Stored data entries:
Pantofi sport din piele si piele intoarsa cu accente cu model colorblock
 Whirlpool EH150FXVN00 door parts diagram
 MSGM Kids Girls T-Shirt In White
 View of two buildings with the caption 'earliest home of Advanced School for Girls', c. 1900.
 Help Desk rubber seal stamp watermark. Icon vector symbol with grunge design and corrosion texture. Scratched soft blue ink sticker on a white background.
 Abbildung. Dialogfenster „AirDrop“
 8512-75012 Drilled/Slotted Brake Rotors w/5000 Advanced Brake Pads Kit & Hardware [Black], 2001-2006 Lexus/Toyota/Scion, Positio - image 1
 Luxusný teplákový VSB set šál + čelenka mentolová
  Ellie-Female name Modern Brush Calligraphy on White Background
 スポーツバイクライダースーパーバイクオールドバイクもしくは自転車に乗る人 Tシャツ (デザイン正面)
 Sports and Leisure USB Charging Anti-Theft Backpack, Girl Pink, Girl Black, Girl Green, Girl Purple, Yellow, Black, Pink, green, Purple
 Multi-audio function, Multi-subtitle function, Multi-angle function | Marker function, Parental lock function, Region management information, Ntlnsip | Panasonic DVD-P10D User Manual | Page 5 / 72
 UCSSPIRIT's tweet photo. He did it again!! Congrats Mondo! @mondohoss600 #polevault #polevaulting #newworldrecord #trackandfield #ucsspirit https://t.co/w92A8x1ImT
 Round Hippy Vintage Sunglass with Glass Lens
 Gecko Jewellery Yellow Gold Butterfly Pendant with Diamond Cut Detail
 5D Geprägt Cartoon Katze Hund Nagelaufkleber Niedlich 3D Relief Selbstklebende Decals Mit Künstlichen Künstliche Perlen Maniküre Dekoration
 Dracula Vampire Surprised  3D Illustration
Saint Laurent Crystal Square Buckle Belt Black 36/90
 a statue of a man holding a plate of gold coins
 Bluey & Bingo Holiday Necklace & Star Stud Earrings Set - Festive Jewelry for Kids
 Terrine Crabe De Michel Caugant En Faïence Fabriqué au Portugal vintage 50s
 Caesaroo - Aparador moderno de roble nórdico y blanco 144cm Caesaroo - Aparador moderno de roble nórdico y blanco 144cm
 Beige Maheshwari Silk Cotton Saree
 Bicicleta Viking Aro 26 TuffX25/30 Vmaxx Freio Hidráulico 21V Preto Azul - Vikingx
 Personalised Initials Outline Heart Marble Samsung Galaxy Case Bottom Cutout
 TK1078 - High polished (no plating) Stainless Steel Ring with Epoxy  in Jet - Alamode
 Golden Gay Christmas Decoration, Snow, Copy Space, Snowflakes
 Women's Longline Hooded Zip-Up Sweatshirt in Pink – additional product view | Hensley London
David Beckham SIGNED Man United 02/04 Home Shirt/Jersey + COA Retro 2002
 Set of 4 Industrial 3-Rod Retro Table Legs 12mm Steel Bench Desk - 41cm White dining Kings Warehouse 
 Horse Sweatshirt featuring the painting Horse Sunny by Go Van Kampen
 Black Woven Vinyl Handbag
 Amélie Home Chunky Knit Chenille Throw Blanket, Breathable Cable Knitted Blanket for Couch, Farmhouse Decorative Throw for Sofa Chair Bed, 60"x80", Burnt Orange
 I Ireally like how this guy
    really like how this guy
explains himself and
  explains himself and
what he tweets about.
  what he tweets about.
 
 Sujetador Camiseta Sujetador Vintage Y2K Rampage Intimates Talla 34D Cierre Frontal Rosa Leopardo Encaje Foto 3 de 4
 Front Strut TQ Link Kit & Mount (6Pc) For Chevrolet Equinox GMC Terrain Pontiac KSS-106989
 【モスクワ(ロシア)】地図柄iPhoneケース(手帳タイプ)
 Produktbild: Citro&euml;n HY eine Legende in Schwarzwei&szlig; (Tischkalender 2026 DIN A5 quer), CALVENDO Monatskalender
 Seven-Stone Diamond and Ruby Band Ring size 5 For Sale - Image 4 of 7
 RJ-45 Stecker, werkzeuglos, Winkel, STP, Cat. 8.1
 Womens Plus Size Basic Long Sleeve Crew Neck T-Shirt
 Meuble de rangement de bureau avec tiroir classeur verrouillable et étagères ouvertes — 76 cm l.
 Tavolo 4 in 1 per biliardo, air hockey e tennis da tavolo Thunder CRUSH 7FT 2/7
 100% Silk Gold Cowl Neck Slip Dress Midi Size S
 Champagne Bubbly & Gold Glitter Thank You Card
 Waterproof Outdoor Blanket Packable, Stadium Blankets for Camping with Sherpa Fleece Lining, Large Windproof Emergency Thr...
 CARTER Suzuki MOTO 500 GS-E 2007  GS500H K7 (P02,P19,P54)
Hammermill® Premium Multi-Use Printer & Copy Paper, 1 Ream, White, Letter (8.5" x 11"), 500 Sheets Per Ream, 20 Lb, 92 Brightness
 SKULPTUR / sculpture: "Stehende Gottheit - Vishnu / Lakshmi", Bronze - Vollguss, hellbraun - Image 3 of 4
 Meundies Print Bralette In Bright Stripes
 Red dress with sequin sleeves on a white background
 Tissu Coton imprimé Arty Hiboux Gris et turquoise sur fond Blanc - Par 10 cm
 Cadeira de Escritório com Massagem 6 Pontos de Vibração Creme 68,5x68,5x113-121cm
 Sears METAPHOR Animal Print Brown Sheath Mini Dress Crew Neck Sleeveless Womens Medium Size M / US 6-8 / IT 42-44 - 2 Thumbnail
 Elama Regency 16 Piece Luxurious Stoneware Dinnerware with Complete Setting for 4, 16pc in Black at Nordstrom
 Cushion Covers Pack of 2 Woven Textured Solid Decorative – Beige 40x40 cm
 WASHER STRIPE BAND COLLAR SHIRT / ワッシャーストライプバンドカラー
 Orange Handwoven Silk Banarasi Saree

**What to produce**
Bring together every line in the entries that holds the string "Advanced".

**Response to this exercise**
 View of two buildings with the caption 'earliest home of Advanced School for Girls', c. 1900.
 8512-75012 Drilled/Slotted Brake Rotors w/5000 Advanced Brake Pads Kit & Hardware [Black], 2001-2006 Lexus/Toyota/Scion, Positio - image 1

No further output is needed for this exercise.